### RECORDS FOR THE TASK
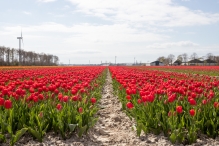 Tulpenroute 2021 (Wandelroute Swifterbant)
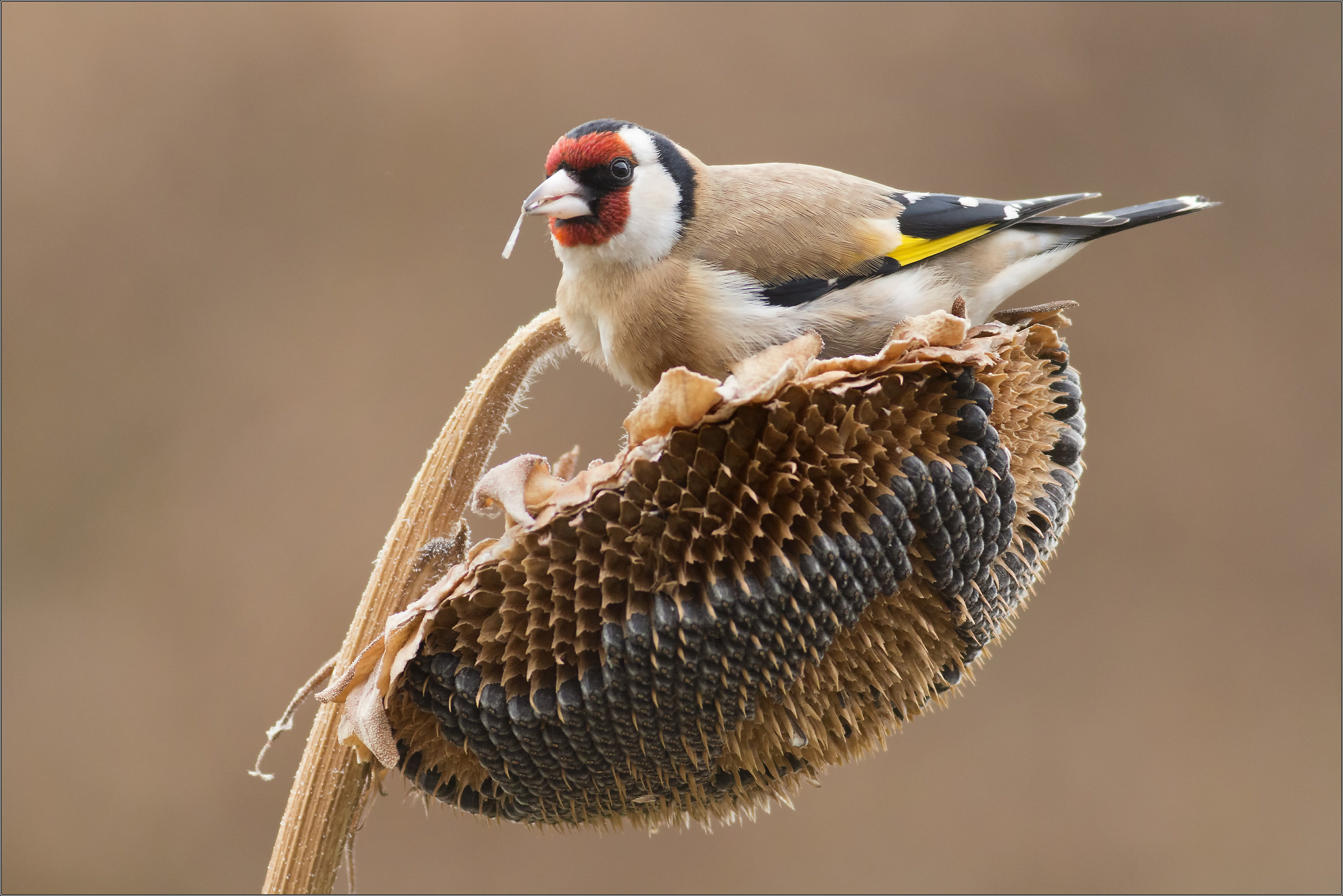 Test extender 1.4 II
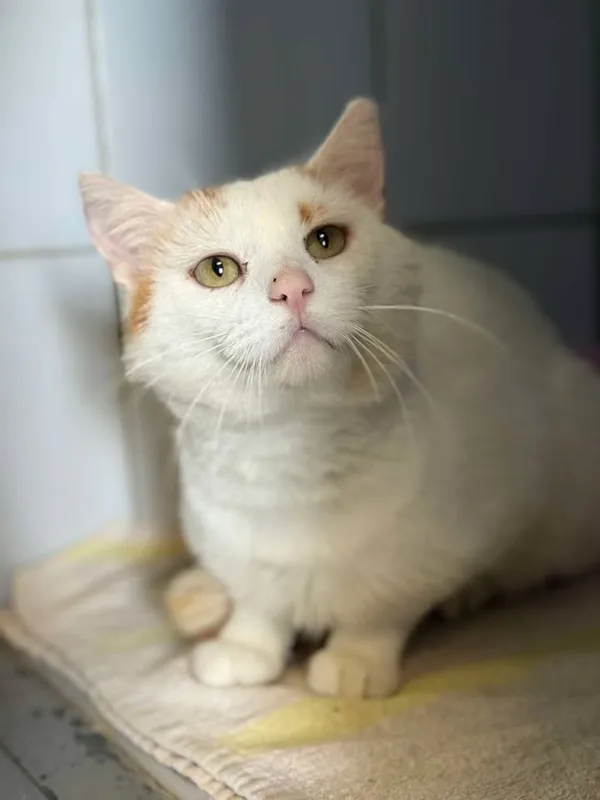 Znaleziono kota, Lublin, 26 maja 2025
--
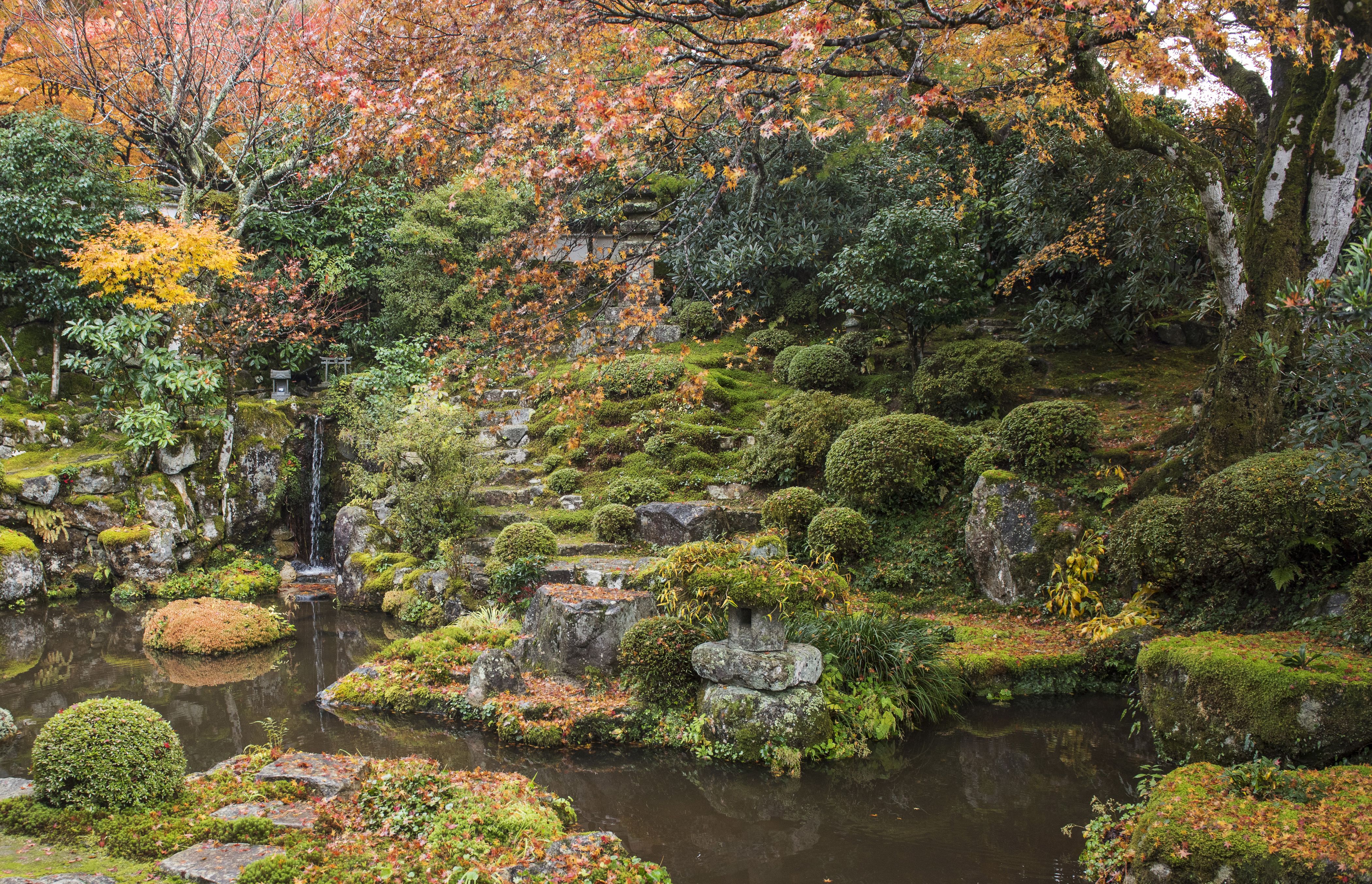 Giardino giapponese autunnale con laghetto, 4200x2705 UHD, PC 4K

### TO DO
Retype the lines above exactly as they appear, from the line containing "Test extender 1.4 II" through the line containing "Znaleziono kota, Lublin, 26 maja 2025", and leave out any pictures.

### TASK RESULT
 Test extender 1.4 II
 Znaleziono kota, Lublin, 26 maja 2025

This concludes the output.